[pdb-discuss] british library screen scraping

Mon Jun 19 21:43:53 UTC 2006

You might want to hit reply-to-all so that you reply goes to the list as 
well as to me when respond. Full comments below.

Nathan Lewis wrote:
> Hi Rufus,
> 
> Not a problem. By the way, there was one bit in the scraper that was 
> hard coded to the particular page it was looking at, that was the 
> foreach my $base (1,21,41,61,81,101,121)  bit. Those numbers were 
> supplied by me rather than deduced by the code. All that should be

Yes I know. I've also still got that hardcoded.
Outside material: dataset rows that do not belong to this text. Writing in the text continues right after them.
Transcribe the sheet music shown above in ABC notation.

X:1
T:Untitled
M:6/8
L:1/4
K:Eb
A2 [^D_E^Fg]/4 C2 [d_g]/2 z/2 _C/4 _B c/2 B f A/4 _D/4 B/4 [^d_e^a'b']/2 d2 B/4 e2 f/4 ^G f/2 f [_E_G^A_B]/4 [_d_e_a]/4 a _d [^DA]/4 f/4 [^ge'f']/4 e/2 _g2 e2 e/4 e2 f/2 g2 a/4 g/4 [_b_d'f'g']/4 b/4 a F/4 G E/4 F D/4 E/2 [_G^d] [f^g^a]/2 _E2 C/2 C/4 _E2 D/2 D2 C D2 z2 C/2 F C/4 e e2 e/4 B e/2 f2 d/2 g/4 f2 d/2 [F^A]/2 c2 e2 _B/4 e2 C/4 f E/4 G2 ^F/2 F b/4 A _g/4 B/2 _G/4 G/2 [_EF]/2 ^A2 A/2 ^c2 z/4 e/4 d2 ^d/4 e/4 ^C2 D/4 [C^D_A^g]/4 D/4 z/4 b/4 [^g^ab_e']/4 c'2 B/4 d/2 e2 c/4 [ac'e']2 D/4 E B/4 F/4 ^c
> needed is to read those numbers from the page and then you / we can pull 
> data for every year desired.

As you say we could just do some minimal parsing of the original results 
page to work out what the maximal number. An alternative, that might be 
simpler, would be to just keep going until you get an exception e.g.

count = 0
while(True):
     base = count * 20 # 20 is results per page
     ...
     for ii in range(20):
         ii += base
         ....
         # eventually get an exception when you run out of results

> Are you going to use that Gauss thing for hosting it?
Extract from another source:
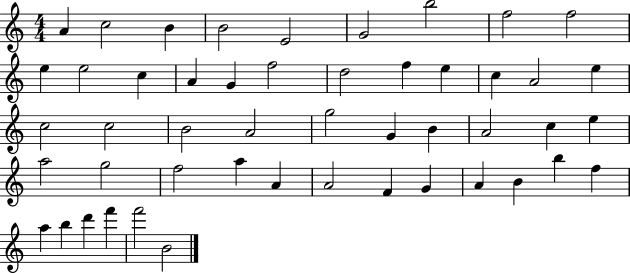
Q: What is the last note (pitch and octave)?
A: B4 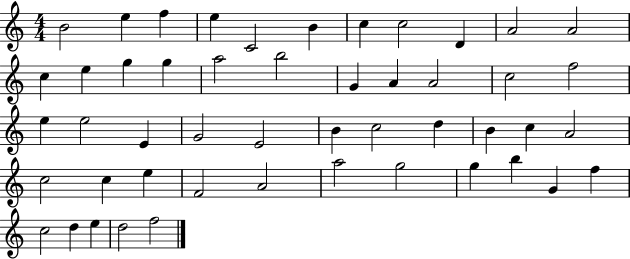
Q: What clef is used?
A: treble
Not sure yet. As a start might be easier just to write some code to auto 
create wiki pages rather than using the virtual page -- virtual pages 
can't be edited :(

> By the way could I look at your Python code?

Please do. I've just commited it into the public subversion project 
repository (along with some of your code) whose url is:

   http://project.knowledgeforge.net/pdw/svn/

(nb: you can just browse this using your web browser)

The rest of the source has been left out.